On 10/23/24 8:27 AM, Konstantinos Eleftheriou wrote:
From: kelefth <konstantinos.elefther...@vrull.eu>
This pass detects cases of expensive store forwarding and tries to avoid them
by reordering the stores and using suitable bit insertion sequences.
For example it can transform this:
strb w2, [x1, 1]
ldr x0, [x1] # Expensive store forwarding to larger load.
To:
ldr x0, [x1]
strb w2, [x1]
bfi x0, x2, 0, 8
Assembly like this can appear with bitfields or type punning / unions.
On stress-ng when running the cpu-union microbenchmark the following speedups
have been observed.
Neoverse-N1: +29.4%
Intel Coffeelake: +13.1%
AMD 5950X: +17.5%
[ ... ]
Seems to still have some correctness issues. H8 reports this when the
pass is enabled by default:
Tests that now fail, but worked before (8 tests):
h8300-sim/-mh/-mint32: gcc: gcc.c-torture/execute/pr63843.c -O2 execution
test
[ ... ]
It looks like we miss setting the high half of the register.
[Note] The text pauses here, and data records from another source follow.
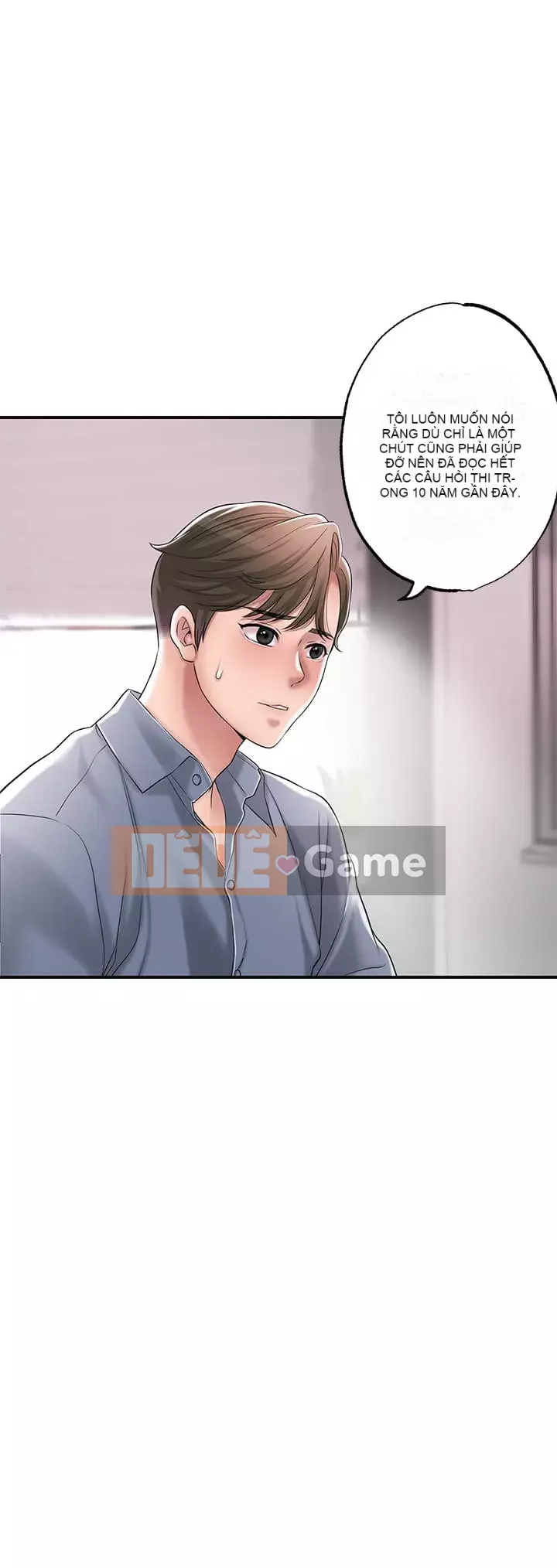 Thống đốc hạnh phúc Chương 21-22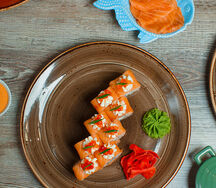 Филадельфия люкс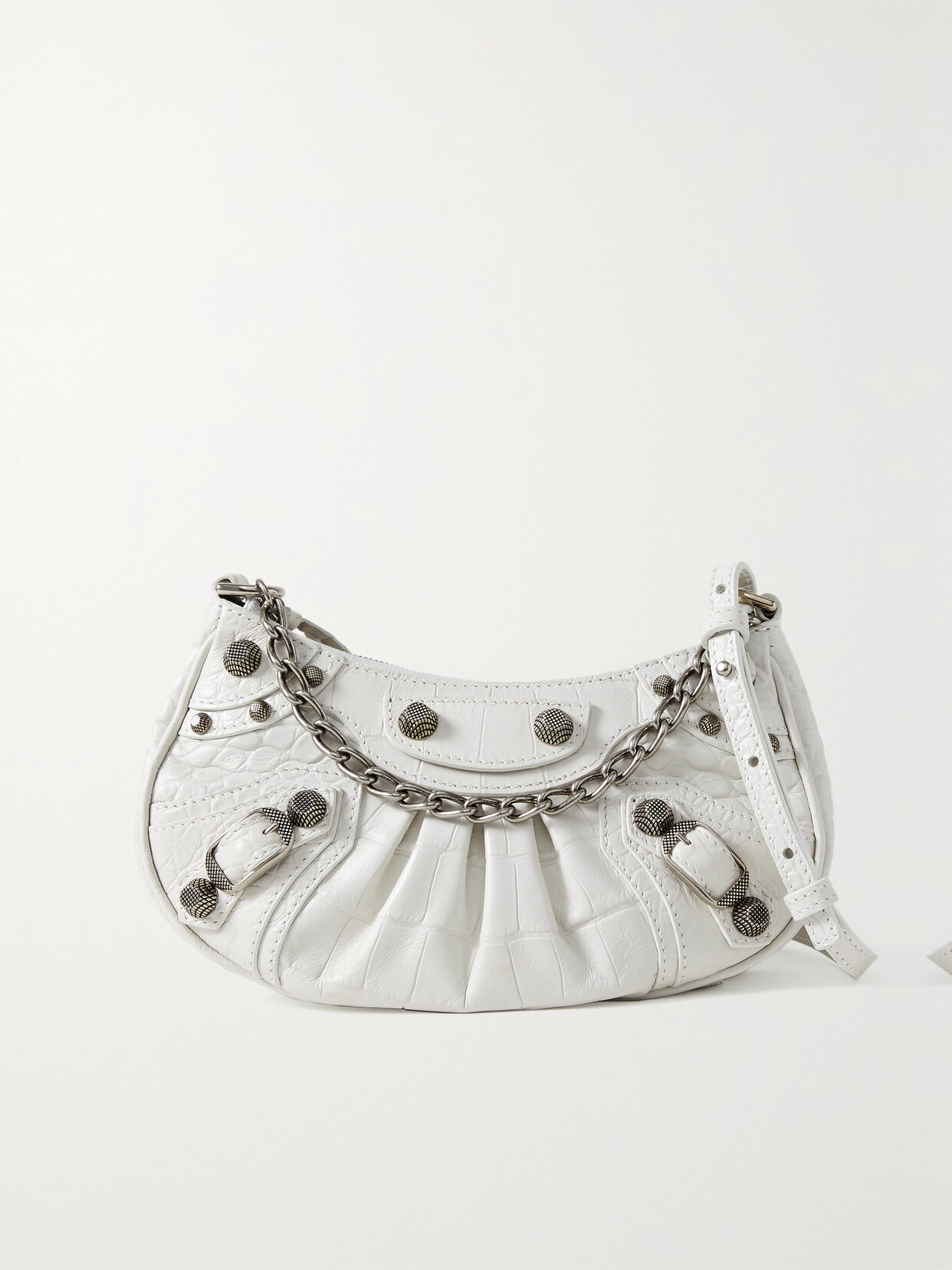 Balenciaga - Le Cagole Mini...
The good
sequence looks like:
! mov.b @er2,r3l
! mov.b r3l,@(2,er7)
mov.b @(1,er2),r2l
mov.b r2l,@(3,er7)
! mov.w @(2,er7),r0
Note the word (16 bit) move at the end of the sequence that sets both
halves of the r0 register.
The broken sequence looks like this:
! mov.b @er2,r0l
mov.b @(1,er2),r2l
+ mov.b r0l,@(2,er7)
mov.b r2l,@(3,er7)
! mov.b r2l,r0l
Note how all the assignments are byte sized and that nothing sets r0h.
We get whatever value happened to be lying around in the high half of
the register.
You should be able to see this with an H8 cross compiler and shouldn't
need a full toolchain to test. Compile with -O2 -mh -mint32. There is
only one opportunity for SFB avoidance in pr63843.
There's also a failure for bfin-elf, but I suspect it's ultimately the
same underlying issue. Obviously I'll retest once there's a fix.
jeff